Nikon speedlights automatically switch into HSS, and Godox strobes do as well with the correct TTL radio trigger. You just have to set the flash sync to 1/250* (or 1/320*) in the camera's menu. The star indicates "auto FP" which is focal plane shutter sync (HSS in Nikon language).
I'm pretty sure others do/can as well.
But there is often a problem in the transition shutter speed range. It's not the actual shutter speed that matters, it's the length of time the sensor is fully uncovered - which is the shutter speed minus the shutter travel time. That's typically 1/300sec or so, meaning that in practice the x-sync window is roughly 1/500sec (at 1/200-250sec shutter speed). That mismatch commonly causes slight darkening/falloff gradient along the edge of the frame when shooting at max x-sync speed.

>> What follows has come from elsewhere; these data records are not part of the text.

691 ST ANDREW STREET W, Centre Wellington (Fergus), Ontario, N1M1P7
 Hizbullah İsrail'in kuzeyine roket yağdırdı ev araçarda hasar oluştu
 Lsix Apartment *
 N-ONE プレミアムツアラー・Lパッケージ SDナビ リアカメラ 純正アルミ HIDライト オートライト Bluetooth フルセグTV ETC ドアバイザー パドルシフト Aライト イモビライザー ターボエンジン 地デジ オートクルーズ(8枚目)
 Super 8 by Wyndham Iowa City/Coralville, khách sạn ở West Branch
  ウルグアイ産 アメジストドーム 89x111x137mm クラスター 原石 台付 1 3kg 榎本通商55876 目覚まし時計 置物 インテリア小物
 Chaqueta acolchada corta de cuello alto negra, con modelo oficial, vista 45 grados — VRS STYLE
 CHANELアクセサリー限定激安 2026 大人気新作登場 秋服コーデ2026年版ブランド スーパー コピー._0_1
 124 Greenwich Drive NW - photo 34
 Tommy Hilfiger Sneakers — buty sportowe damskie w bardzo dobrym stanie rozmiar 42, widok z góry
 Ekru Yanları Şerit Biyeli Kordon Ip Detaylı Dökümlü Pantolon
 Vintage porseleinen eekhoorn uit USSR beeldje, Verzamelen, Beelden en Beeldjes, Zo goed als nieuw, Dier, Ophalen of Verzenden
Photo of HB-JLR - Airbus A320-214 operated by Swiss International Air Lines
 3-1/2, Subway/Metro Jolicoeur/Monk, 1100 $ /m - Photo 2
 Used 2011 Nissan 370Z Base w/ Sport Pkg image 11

Often the edge gradation/falloff/loss of light isn't noticeable when photographing outdoors or when the light isn't the primary source, but it's usually there; and it can be a problem. That's one reason why it is usually preferable to use a slower shutter/sync speed than the max possible.
Of course, they could then program the switch to HSS to be earlier as well, but often the negative of the timing mismatch/gradient is much less of a problem than the loss of effective power switching into HSS is. So, ideally they should give you a lot more options... but then everyone would have to know why you have so many options and when to use them.
And in reality, it's usually just easier to do it all manually if you do know what/why/when.